Here’s a sample view of what prof-viewer looks like.

A web demo can also be found here

An engineer is able to get rich metadata on each task running with a tooltip hover, but are also able to stay zoomed out when understanding a jobs runtime.

The system is entirely built from Rust from the backend that takes raw log output and produces a proprietary format for displaying logs to the graphical user interface (which I will discuss next week, in Week 6). A primary feature that I worked on was developing a search feature that would allow the ability to quick find tasks pertaining to a certain keyword, and highlight them in the viewer. Since there can be a lot of data on the screen at once, it is important to have an accordion-style expansion of panels to hide the massive amount of 2D space tasks can take up. Regardless, a search should be able to query outside the bounds of your eye sight to give you clues towards a related task you are thinking about. The sidebar gives you a quick way to jump through the large hierarchy of nodes and devices that a task could be under.

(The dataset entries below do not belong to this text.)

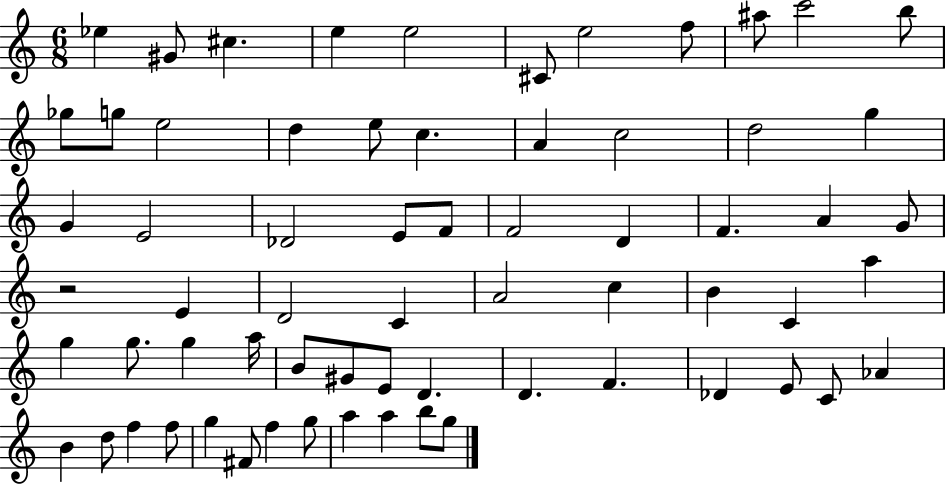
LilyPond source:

{
  \clef treble
  \numericTimeSignature
  \time 6/8
  \key c \major
  \repeat volta 2 { ees''4 gis'8 cis''4. | e''4 e''2 | cis'8 e''2 f''8 | ais''8 c'''2 b''8 | \break ges''8 g''8 e''2 | d''4 e''8 c''4. | a'4 c''2 | d''2 g''4 | \break g'4 e'2 | des'2 e'8 f'8 | f'2 d'4 | f'4. a'4 g'8 | \break r2 e'4 | d'2 c'4 | a'2 c''4 | b'4 c'4 a''4 | \break g''4 g''8. g''4 a''16 | b'8 gis'8 e'8 d'4. | d'4. f'4. | des'4 e'8 c'8 aes'4 | \break b'4 d''8 f''4 f''8 | g''4 fis'8 f''4 g''8 | a''4 a''4 b''8 g''8 | } \bar "|."
} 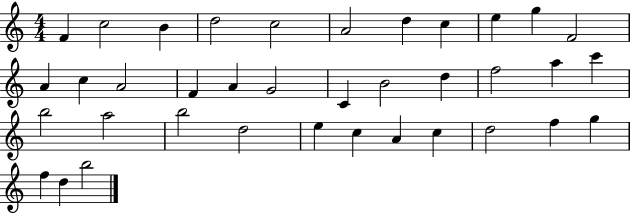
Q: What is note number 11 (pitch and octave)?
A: F4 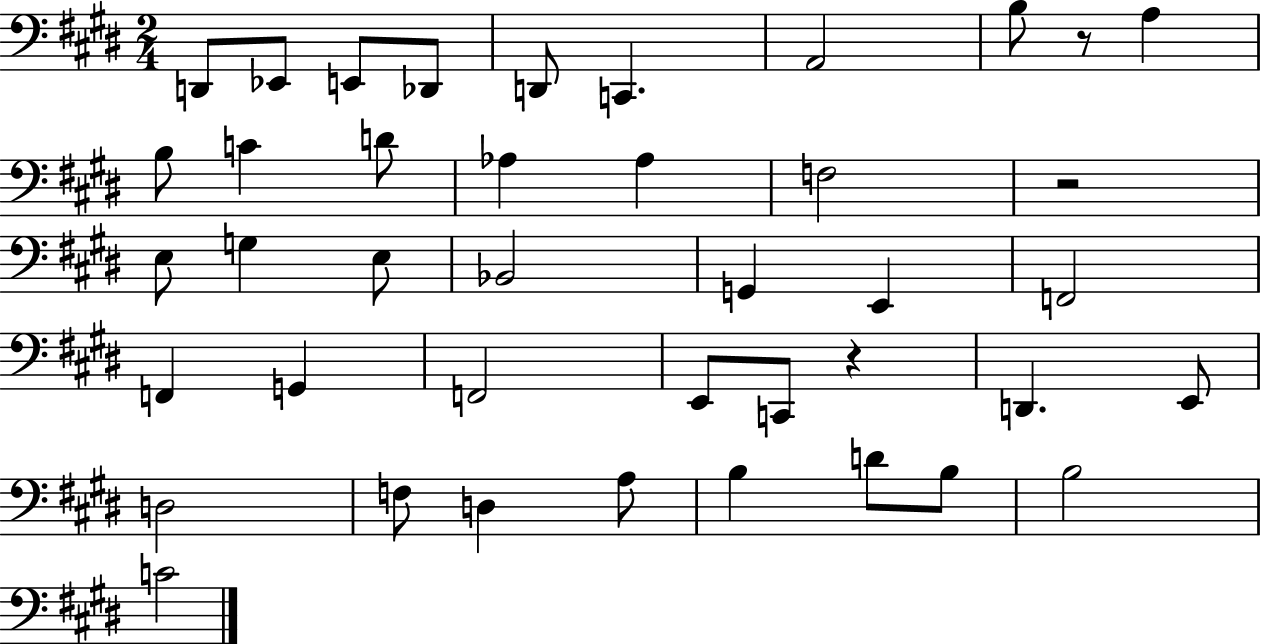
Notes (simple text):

D2/e Eb2/e E2/e Db2/e D2/e C2/q. A2/h B3/e R/e A3/q B3/e C4/q D4/e Ab3/q Ab3/q F3/h R/h E3/e G3/q E3/e Bb2/h G2/q E2/q F2/h F2/q G2/q F2/h E2/e C2/e R/q D2/q. E2/e D3/h F3/e D3/q A3/e B3/q D4/e B3/e B3/h C4/h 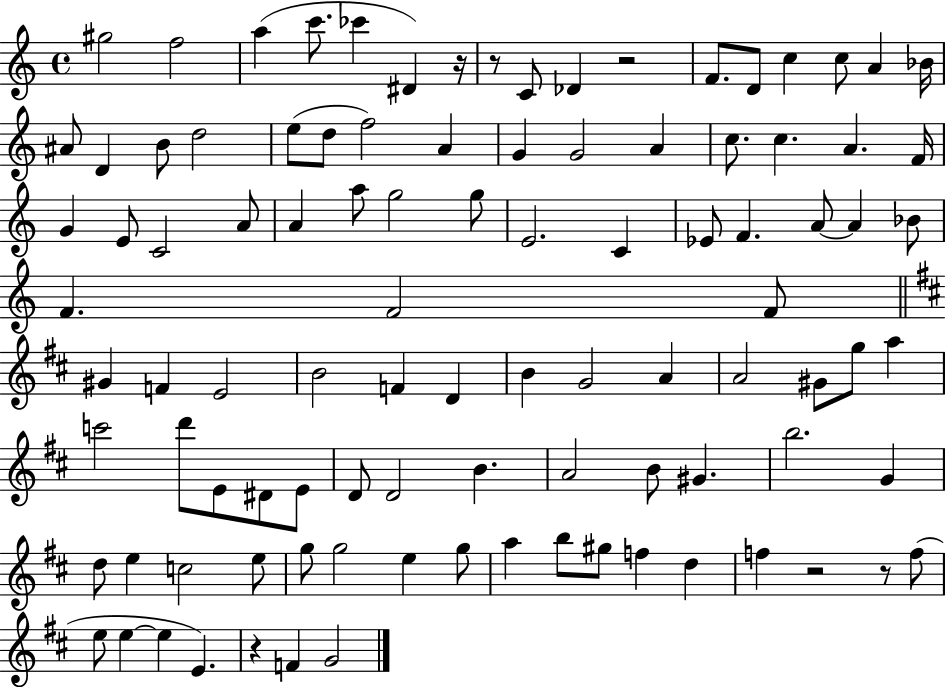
G#5/h F5/h A5/q C6/e. CES6/q D#4/q R/s R/e C4/e Db4/q R/h F4/e. D4/e C5/q C5/e A4/q Bb4/s A#4/e D4/q B4/e D5/h E5/e D5/e F5/h A4/q G4/q G4/h A4/q C5/e. C5/q. A4/q. F4/s G4/q E4/e C4/h A4/e A4/q A5/e G5/h G5/e E4/h. C4/q Eb4/e F4/q. A4/e A4/q Bb4/e F4/q. F4/h F4/e G#4/q F4/q E4/h B4/h F4/q D4/q B4/q G4/h A4/q A4/h G#4/e G5/e A5/q C6/h D6/e E4/e D#4/e E4/e D4/e D4/h B4/q. A4/h B4/e G#4/q. B5/h. G4/q D5/e E5/q C5/h E5/e G5/e G5/h E5/q G5/e A5/q B5/e G#5/e F5/q D5/q F5/q R/h R/e F5/e E5/e E5/q E5/q E4/q. R/q F4/q G4/h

It was really exciting to dive into a relatively verbose codebase that allowed for hands-dirty access to the UI and data structures that represent both the logs and the interface. Even though the features may be simple and intuitive to an end user, there was plenty of thought that went into the design of the data structures and querying/layout of the tasks to increase performance and reduce load on the backend.